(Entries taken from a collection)
***

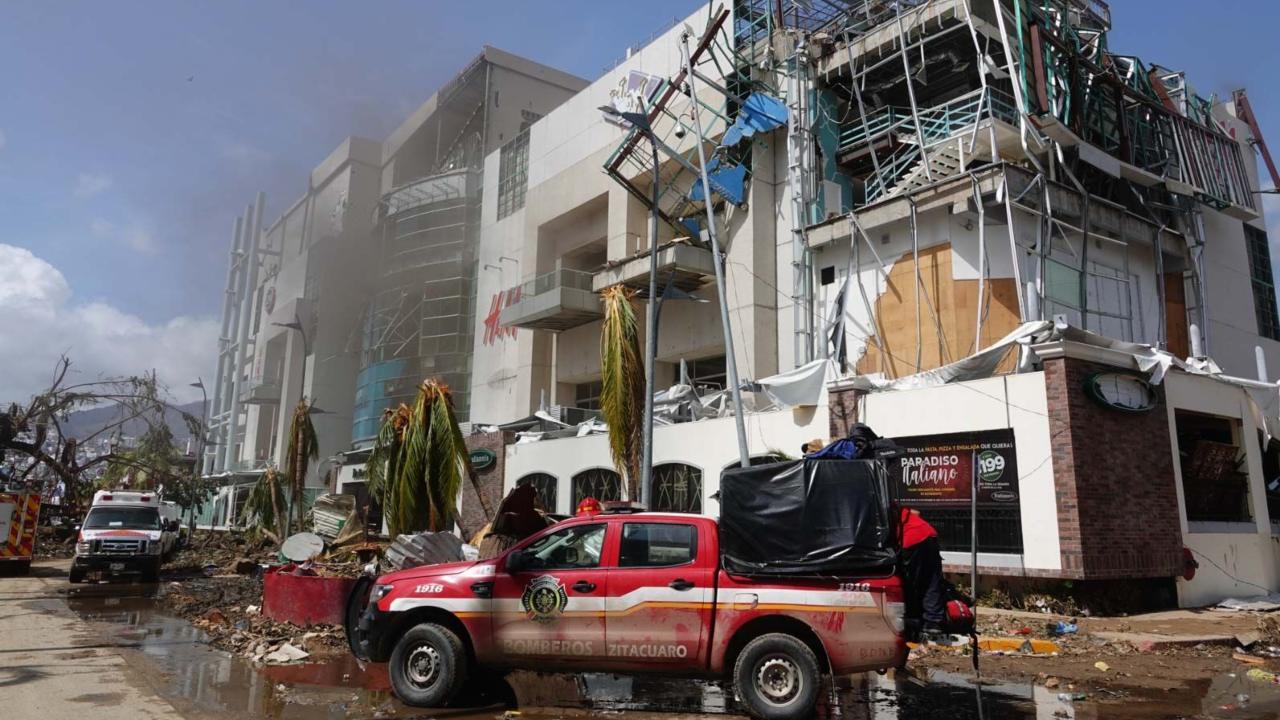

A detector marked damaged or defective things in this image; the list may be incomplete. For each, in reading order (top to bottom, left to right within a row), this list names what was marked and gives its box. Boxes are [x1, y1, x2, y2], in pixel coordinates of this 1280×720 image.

damaged shopping mall [204, 2, 1280, 609]
torn white tarp [752, 356, 824, 407]
torn white tarp [839, 317, 1049, 386]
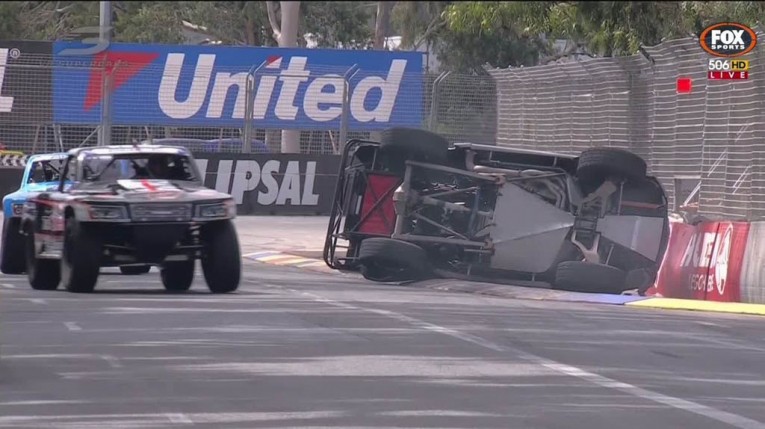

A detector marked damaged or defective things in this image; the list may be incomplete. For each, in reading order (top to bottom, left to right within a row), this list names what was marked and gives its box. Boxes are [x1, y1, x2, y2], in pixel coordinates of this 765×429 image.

overturned truck [322, 127, 668, 294]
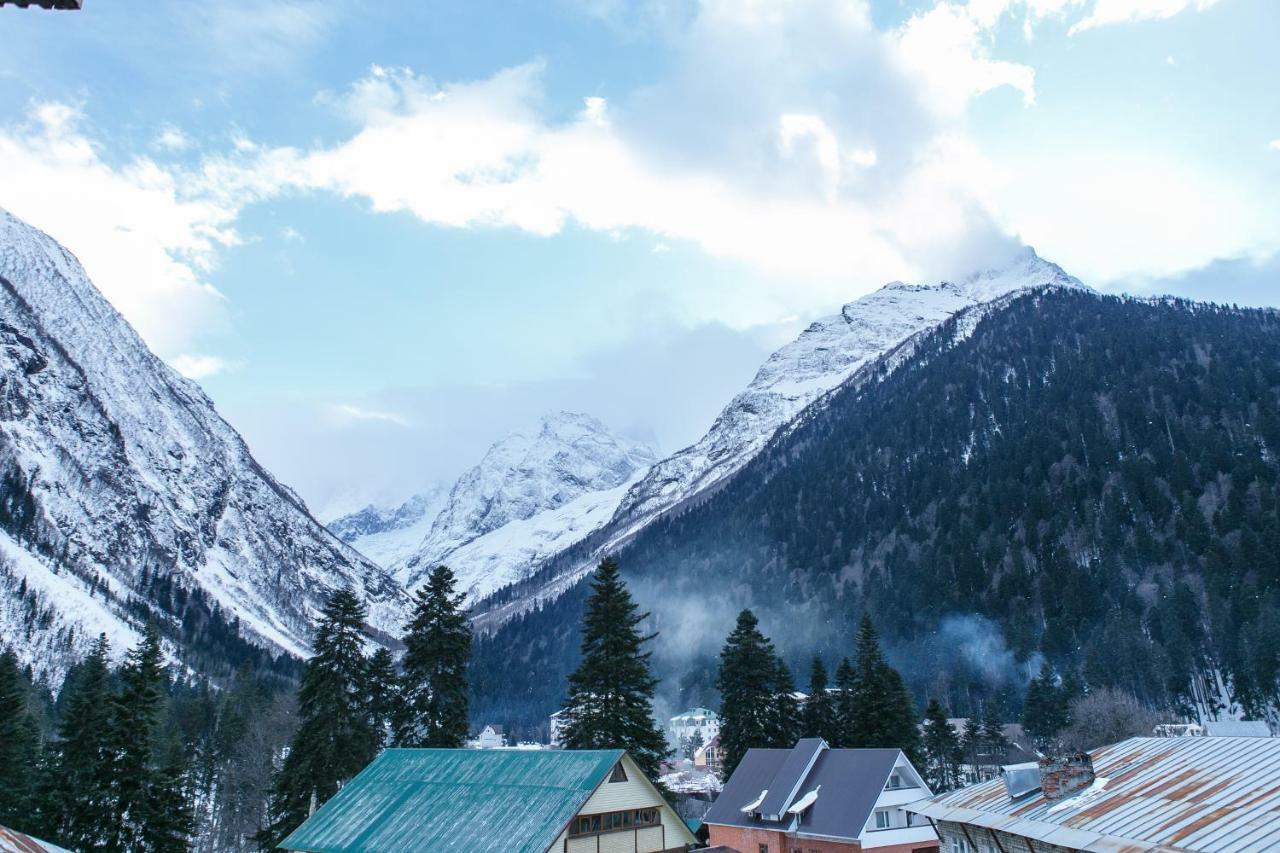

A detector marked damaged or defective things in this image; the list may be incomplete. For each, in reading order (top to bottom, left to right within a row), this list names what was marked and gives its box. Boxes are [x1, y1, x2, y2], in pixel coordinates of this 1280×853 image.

rusty metal roof [0, 824, 70, 850]
rusty metal roof [906, 732, 1280, 845]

***

> [Exercise prompt]
Take each line from the records and copy it unchanged, leaving images out.

> [Result for this task]
A detector marked damaged or defective things in this image; the list may be incomplete. For each, in reading order (top to bottom, left to right within a row), this list names what was marked and gives its box. Boxes are [x1, y1, x2, y2], in pixel coordinates of this 1280×720 image.

damaged shopping mall [204, 2, 1280, 609]
torn white tarp [752, 356, 824, 407]
torn white tarp [839, 317, 1049, 386]

A detector marked damaged or defective things in this image; the list may be incomplete. For each, in reading order (top to bottom, left to right within a row), this list names what was marked and gives its box. Boxes are [x1, y1, x2, y2], in pixel coordinates of this 765×429 image.

overturned truck [322, 127, 668, 294]

A detector marked damaged or defective things in this image; the list may be incomplete. For each, in reading order (top to bottom, left to right within a row), this list names what was marked and gives its box. Boxes are [x1, y1, x2, y2], in pixel coordinates of this 1280×853 image.

rusty metal roof [0, 824, 70, 850]
rusty metal roof [906, 732, 1280, 845]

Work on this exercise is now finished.